While the formal secularization of the church through the Su­premacy should not be underrated as an event in itself, it must be placed in the context of social processes in a polity that was already secularized in substance. As far as the structure of the polity is concerned, we can now more clearly understand the social implications of the previously quoted remark of the king in Ferrers’s case. The “body politic” of king and Parliament was indeed closely knit; and Henry had contributed materially to conjoining and knitting it even more closely together.

Instead of being used for educational purposes and poor relief, the church plunder had been appropriated by the king to himself, his servants, and his supporters; the community of robbery had created a community of interests that at the moment served the king’s purposes well. Even more important, however, was the long-range effect of this astute method of “conjoining” the representative powers of the realm; for the newly created and enriched social stratum became the nucleus of the forces that, in the constitutional struggle of the seventeenth century, were the carriers of the Revolution and ultimately shifted the power of the polity toward the Parliament.

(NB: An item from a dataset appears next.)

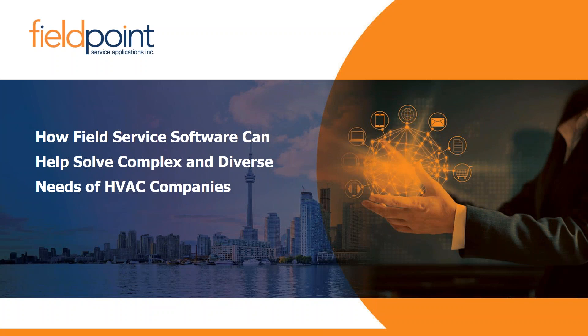Good afternoon, everyone, and welcome to our webinar on the best HVAC field service software for your enterprise. We're here to talk about the challenges in the recently complex HVAC service landscape. It's a very exciting time of change and innovation in the HVAC space, but this can be a bit overwhelming for companies when they're sorting through their initiatives.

At the opening of the sixteenth century, thus, the English polity had achieved a high degree of secularized, world-immanent exis­tence on the level of sentiments and institutions. In the reign of Henry VIII, under double pressure from the royal marital affairs and the continental Reformation, the process of closing and secu­larizing the existence of the polity suddenly moved to the level of consciousness.

The Unmysterious English National Character

When we speak of consciousness we do not mean a high degree of intellectual clarity. On the contrary, a style of political thought begins to form in which an unrivaled sense for the concrete in human and legal relations is combined with an almost pathological fear of facing issues on the level of principles. The style is specifically English; and since, by its parochial nature, it prevents a generally communicable expression of problems, it has become the greatest obstacle to an understanding of English politics for anybody who has not grown up on the island. Nevertheless, there is no sense in attributing this peculiar style to some mystery of the English “national character.” It is the quite unmysterious result of the factors that historically contributed to its formation.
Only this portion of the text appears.